It sounds like Ken Holland will become the next General Manager of the Edmonton Oilers. On the surface, fans should be excited that the organization is bringing in a man who has built a Stanley Cup winner in two different eras. That should be considered a major positive. But still, I’m nervous about the hire and I suspect a lot of Oilers fans are feeling the same.
While Holland is a proven winner, his recent success isn’t very flattering. The Red Wings haven’t made the playoffs in three years, have only won a single playoff round in the last eight seasons, and the team is hampered with a handful of bad contracts that Holland signed.
This hire also feels a little hypocritical of the Oilers. Bob Nicholson told fans that he would do his due diligence and interview multiple candidates. He said he wasn’t just going to give someone the job in the same way that he gave it to Peter Chiarelli. But now, after three months of interviewing candidates, Nicholson has decided to give the job to Ken Holland, who seemingly had to snap his fingers to get the gig. That’s a little worrisome to me.
Of course, those who will want to defend Nicholson could say he gave the other candidates a fair shake and none were better than Holland. That’s also fair.

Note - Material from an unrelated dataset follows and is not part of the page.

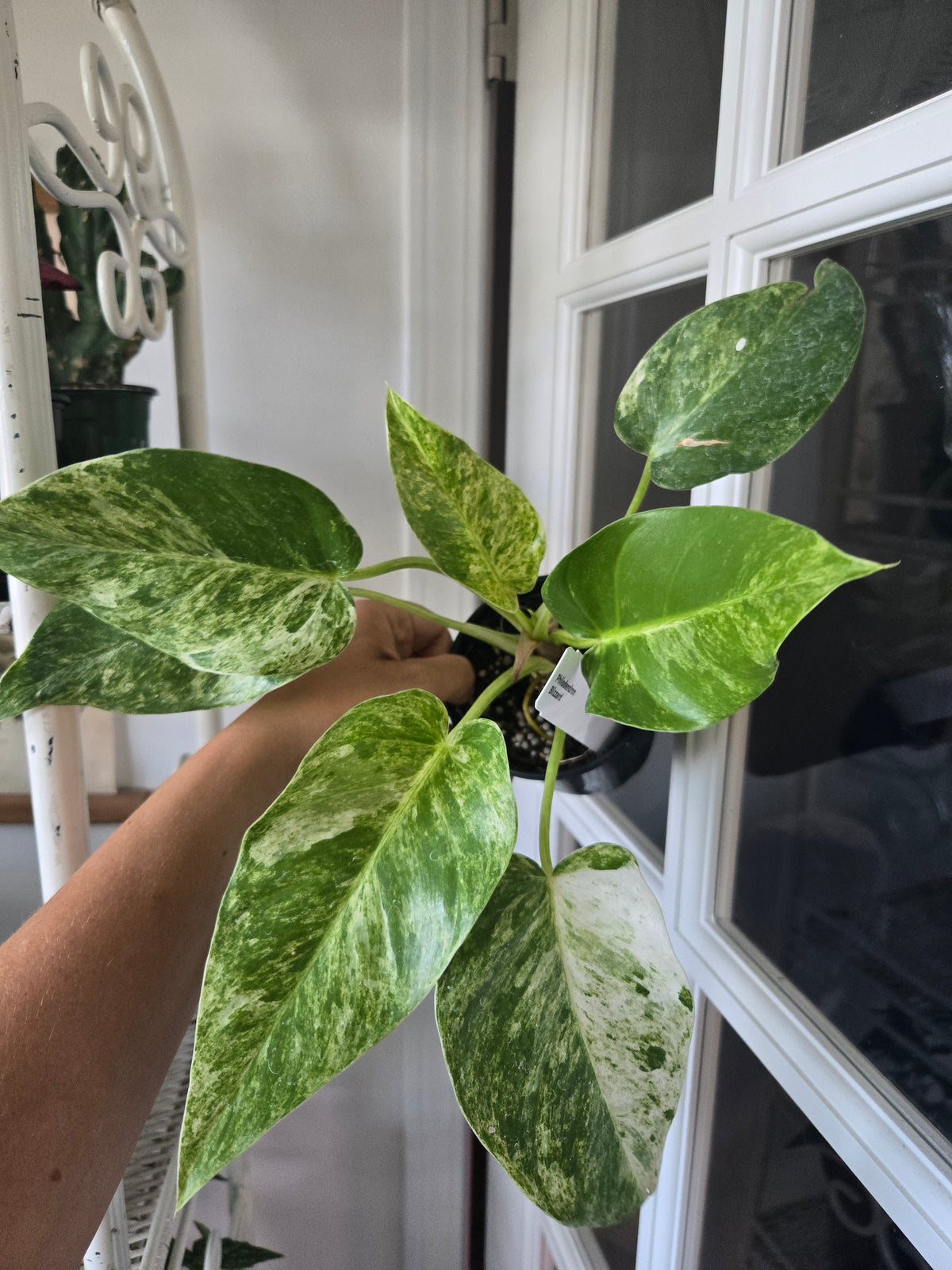 Philodendron Blizzard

Despite my reasons to be hesitant and frustrated with this organization, I want to go into this next chapter of Oilers history with some optimism. I’m on record as having been against the idea of hiring Ken Holland but I don’t think it’s fair to immediately say this is a bad hire. Holland has forgotten more about hockey than I’ll ever know, that goes without saying. He’s clearly an established executive with a lot of contacts and relationships around the hockey world. That means something. His history of success and the Red Wings history of developing players can’t be fully ignored either.
The other reason I’m encouraged about this is the fact Mark Spector is reporting that Holland will be given full autonomy to make all hockey decisions. It sounds like he’s more of a President of Hockey Operations than just a simple General Manager. If that was a point that Holland made sure was clear cut in the agreement, then to me, it seems like he’s here to win and not just cash checks with his friend Bob Nicholson.
There’s no doubt that he made some mistakes in his final few years as Red Wings General Manager. He was too loyal to depth players and paid them too much. Will he be able to learn from those mistakes? Given how long he’s been around the league and the sport, I’d like to personally give him the benefit of the doubt.
Will he be able to step in and fix some of the massive mistakes that Peter Chiarelli made? That’s a bigger question and is perhaps a task that is a little unfair to expect him to do in one summer. I don’t think we should expect him to come in and unload Milan Lucic and Kris Russell in the blink of an eye. I don’t think any candidate could have. But I do think it’s fair to expect Holland to step in and make some really positive changes to this roster in his first summer.
That’s one positive to bringing in an experienced GM. There really shouldn’t be a learning curve. He knows how everything works and he understands how to be a GM in the league. There’s value in that.
I’m also intrigued with the staff Holland will assemble and that’s something that will go a long way in how Oilersnation views this hire initially. If a week into his tenure, he gets rid of some long-serving front office executives and announces that Sean Burke or some other young, up and coming hockey mind will be his Assistant General Manager or Head of Pro-Scouting, then I think fans will start to look at this hire with a little bit more positivity.
A truly great hockey executive doesn’t think he’s the smartest guy in the room, he surrounds himself with people smarter than he is. Holland did that in Detroit and I’m hoping he continues to do that in Edmonton. The first few hires that Holland makes can show that he’s ready to adapt and change the way this organization operates. That’s what most fans want.
I know there will be a lot of negativity, and this organization does not deserve the benefit of the doubt, but I think Holland does. This is quite possibly the most important hire in franchise history and while there are plenty of reason for fans to be nervous, I think it’s important to go into this with an open mind. Holland will go down as one of the best General Managers in the history of the NHL, so maybe he is the right man for the job.